The humans barely survive the ordeal, and never gain much understanding of the mechanical workings of Janus or of its language of colorful lights. Nor do they find any aliens within; Janus seems to be fully automated and nothing more than a trap intended to transport them to Virgo. They know from observations made back in their own solar system that another megastructure awaits them there. A pipe-shaped skeletal structure “seventeen or eighteen light-seconds wide, and nearly 3 light minutes long” hovers at the Lagrange point between the two stars of the binary star system of Alpha Virginis, a.k.a., Spica. (That’s 3 and a quarter million miles in diameter by 33 million miles long.)

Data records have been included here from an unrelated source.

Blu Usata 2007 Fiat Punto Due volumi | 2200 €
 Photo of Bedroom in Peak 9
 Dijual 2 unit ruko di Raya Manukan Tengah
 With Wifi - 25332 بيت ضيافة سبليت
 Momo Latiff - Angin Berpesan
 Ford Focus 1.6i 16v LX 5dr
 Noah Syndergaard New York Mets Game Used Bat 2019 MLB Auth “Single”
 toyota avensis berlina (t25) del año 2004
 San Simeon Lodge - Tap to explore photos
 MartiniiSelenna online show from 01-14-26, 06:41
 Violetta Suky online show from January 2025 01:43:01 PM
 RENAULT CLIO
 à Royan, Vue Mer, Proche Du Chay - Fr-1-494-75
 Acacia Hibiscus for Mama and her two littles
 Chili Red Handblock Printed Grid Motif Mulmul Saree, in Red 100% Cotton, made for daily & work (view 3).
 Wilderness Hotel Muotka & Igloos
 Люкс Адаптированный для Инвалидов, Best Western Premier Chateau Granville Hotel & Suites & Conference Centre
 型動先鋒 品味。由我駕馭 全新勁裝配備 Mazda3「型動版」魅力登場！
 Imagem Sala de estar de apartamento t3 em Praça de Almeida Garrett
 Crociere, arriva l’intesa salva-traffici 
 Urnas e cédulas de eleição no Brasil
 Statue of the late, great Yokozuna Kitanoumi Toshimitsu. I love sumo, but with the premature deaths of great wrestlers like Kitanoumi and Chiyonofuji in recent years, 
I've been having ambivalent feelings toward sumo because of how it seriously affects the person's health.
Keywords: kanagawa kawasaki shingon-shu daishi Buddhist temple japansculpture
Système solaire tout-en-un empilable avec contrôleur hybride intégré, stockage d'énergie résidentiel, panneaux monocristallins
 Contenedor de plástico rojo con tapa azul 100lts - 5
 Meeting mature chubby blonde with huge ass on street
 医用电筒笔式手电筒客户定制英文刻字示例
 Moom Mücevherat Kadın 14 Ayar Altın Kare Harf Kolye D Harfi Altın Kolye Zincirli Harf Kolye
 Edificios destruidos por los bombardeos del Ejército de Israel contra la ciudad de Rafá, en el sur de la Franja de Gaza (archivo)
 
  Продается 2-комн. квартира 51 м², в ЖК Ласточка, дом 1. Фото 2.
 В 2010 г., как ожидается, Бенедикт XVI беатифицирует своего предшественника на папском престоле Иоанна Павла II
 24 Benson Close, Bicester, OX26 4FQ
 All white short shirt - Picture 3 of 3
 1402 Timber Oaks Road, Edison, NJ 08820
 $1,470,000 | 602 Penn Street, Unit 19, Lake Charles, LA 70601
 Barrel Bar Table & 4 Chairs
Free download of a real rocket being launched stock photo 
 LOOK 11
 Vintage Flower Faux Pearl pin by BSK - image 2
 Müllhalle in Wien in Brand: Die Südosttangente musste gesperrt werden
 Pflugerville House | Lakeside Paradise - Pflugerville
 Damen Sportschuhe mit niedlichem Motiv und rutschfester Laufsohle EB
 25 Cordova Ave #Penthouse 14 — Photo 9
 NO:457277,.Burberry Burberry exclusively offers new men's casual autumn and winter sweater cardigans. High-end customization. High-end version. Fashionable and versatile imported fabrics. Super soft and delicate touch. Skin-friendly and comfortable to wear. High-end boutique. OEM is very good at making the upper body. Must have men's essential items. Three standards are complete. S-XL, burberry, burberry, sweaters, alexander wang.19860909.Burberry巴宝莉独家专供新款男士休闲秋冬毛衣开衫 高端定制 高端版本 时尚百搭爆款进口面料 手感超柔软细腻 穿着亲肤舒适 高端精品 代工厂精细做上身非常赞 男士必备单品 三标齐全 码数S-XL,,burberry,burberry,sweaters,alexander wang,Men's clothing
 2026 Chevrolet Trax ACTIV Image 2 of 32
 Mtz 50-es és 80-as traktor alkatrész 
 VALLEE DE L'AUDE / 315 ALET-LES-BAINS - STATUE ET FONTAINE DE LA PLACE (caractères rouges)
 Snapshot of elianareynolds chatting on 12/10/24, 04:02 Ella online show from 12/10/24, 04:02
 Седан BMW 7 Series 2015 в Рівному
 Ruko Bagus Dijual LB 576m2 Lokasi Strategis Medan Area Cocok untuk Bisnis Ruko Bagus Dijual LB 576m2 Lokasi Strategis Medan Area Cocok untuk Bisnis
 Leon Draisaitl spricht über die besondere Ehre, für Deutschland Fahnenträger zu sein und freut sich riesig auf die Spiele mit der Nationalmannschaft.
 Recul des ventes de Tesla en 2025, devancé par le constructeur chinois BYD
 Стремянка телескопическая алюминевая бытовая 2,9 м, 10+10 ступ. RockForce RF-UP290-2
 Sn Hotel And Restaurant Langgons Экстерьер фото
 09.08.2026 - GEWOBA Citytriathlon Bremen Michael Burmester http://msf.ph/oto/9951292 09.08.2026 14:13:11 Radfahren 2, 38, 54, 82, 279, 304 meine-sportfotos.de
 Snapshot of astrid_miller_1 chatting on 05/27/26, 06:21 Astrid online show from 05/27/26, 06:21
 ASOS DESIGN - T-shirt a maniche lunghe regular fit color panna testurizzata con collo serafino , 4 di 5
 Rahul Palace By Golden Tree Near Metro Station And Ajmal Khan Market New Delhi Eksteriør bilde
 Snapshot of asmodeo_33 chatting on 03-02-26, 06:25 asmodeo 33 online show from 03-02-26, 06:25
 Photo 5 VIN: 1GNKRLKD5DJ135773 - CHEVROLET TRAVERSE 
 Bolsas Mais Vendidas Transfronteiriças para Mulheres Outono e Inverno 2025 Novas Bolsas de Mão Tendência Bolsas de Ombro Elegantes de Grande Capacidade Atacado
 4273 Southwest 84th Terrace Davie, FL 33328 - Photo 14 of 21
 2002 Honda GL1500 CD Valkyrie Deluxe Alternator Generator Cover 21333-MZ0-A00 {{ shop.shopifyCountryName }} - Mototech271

However, as they near Spica after twelve years, Janus sprouts a shell and the view of the megastructure is hidden from them for another year or so. Eventually, however, aliens cut a hole through the shell, and the humans see the empty megastructural tube they’ve been expecting. There are doors at the ends of the tube, but they’re closed.

They make first contact with the alien drillers, who are cagey about their technology and knowledge, but do provide resurrection and rejuvenation services freely. This allows the story’s timeline to drag on for several more decades than one might have expected or wanted. On the bright side, a resurrection leads to social change in the odd culture that has developed on Janus; the rather psychopathic character who was in charge for most of the story to date is replaced by the anointed heroine of the story, Bella Lind.

(Bella was anointed in a rather disappointing frame story in which far future humans discuss her vital importance to all humanity, so I spent the whole story waiting for her amazing contribution to mankind to happen. It turns out to be some silly CNN interviews she did on the way to investigate Janus that somehow inspired…something, I’m not sure what. In return for this great gift, the future humans send out a package of magical nanotechnology to help her, and she wastes it all undoing a mess made by the psychopath in one neighborhood on Janus, even though the psychopath has already managed to doom all of Janus by that point in the story by betraying humanity to some hostile aliens. The magical nanotech also tells Bella that they’re not at Spica anymore, that Janus only picked up more relativistic speed there and sped away far, far into the future, which is how someone from Bella’s far future could contact a famous character of the past like Bella.)

The psychopath redeems herself—not through any convincing repentance of her destructive behavior, but by going out the hole Janus has blown in the tube and sending back pictures of this third megastructure. And boy, is it mega. The tube the humans used to inhabit before the perverse destruction of Janus, is just one glowing twig in a braided rope that itself is only a small part of a “torus of light” the size of an entire solar system. Things are not going well here at the end of time, however; the center of the torus is missing like the megastructure’s creators, and the ropes leading to it are as frayed as the relations between the various alien species within the structure.

There are some impressive BDOs in this story, but the apparent failure of the megastructure builders to survive their project of creating a congress or zoo at the end of the universe, and the many actual failures of the humans to behave decently, never mind heroically, make this story more depressing than your average abandoned BDO story. The flip side of the sense of wonder is a sense of horror.